Bald geht es nicht nur um Leonards Leben, sondern auch um das von Mable.
So clever das über weite Strecken auch aufgebaut ist, so schade ist es, dass die Inszenierung da nur phasenweise mithalten kann. Einerseits nutzt der oscarnominierte Kameramann Dick Pope („The Illusionist“) den Raum sehr gut, indem er immer wieder den Figuren nur für ganz kurze Strecken folgt und so die Enge des Kammerspiels unterstreicht – und auch der Score des zweifachen Oscargewinners Alexandre Desplat („Shape Of Water“) trägt zur Spannung und einem gewissen klaustrophobischen Gefühl bei.
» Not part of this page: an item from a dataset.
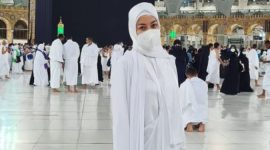 Lulu Tobing saat umrah. l Istimewa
Doch ausgerechnet in den eigentlich groß vorbereiteten Suspense-Momenten passiert nichts. Da wird eine Leiche in einer Holzkiste versteckt. Nach und nach tropft das Blut durch den Boden und wenn der schwergewichtige Gangster Monk (Alan Mehdizadeh) sich ausgerechnet auf der Truhe niederlässt, knarzt es gewaltig. Doch nach nur wenigen Sekunden löst sich die Szene auch schon wieder in Wohlgefallen auf. Solche Momente auch einfach mal vorbeiziehen zu lassen, kann natürlich bewusst genutzt werden, um Erwartungen zu unterlaufen. Doch in „The Outfit“ werden sie fast nie ausgekostet. Die Spannung schwellt immer wieder kurz an – doch bevor sie sich wirklich entfalten kann, ist es auch schon wieder vorbei.
So ist es lange Zeit das fesselnde Spiel von Oscarpreisträger Mark Rylance („Bridge Of Spies“), welches den größten Reiz ausmacht. Doch ihm fehlen zu oft die Partner. Johnny Flynn („Emma.“) verbringt als eigentlich größter Widersacher zwar die meiste Zeit an seiner Seite – und doch bleibt seine Figur einfach nur ein gefährlicher Psychopath. Während Zoey Deutch („Zombieland 2“) als lebenslustige und von der großen Welt träumende Frau immer wieder kurzzeitig auch andere Seiten in Rylances Spiel hervorrufen darf, sind es die wenigen Szenen mit dem britischen Theaterschauspieler Simon Russell Beale („The Death Of Stalin“), die am meisten hermachen: Wie sich hier zwei Männer beäugen, misstrauisch umkreisen, aber dann doch irgendwie auch respektieren, ist richtig stark.
Wenn der große Twist dann kommt, fällt „The Outfit“ trotzdem in sich zusammen. Es ist wohl nicht zu weit hergeholt, wenn man behauptet, dass „Die üblichen Verdächtigen“ hier Pate stand. Der funktioniert aber auch über die zentrale Wendung hinaus, weil es selbst mit Kenntnis des Plots eine große Freude ist, zu sehen, wie alle Zahnrädchen im großen Masterplan ineinandergreifen und alles von der in Wahrheit die Fäden ziehenden Figur in bestimmte Bahnen gelenkt wurde. Das wird hier aber nur behauptet – denn am Ende basiert der ach so geniale Plan einfach nur darauf, dass die Menschen schon exakt so handeln werden, wie sie es im Film dann tun. Und weil Moore wohl selbst dem Knall nicht so recht traut, haut er einfach noch einen (und dazu noch ziemlich lächerlichen) weiteren Twist samt Slasher-Hommage hinterher.
Fazit: Ein mit starkem Hauptdarsteller punktendes Thriller-Kammerspiel, das zwar bis zum misslungen Twist stark geschrieben, aber leider teilweise enttäuschend spannungsarm inszeniert ist.
Wir haben „The Outfit“ im Rahmen der Berlinale 2022 gesehen, wo er als Teil der Reihe Berlinale Special Gala gezeigt wurde.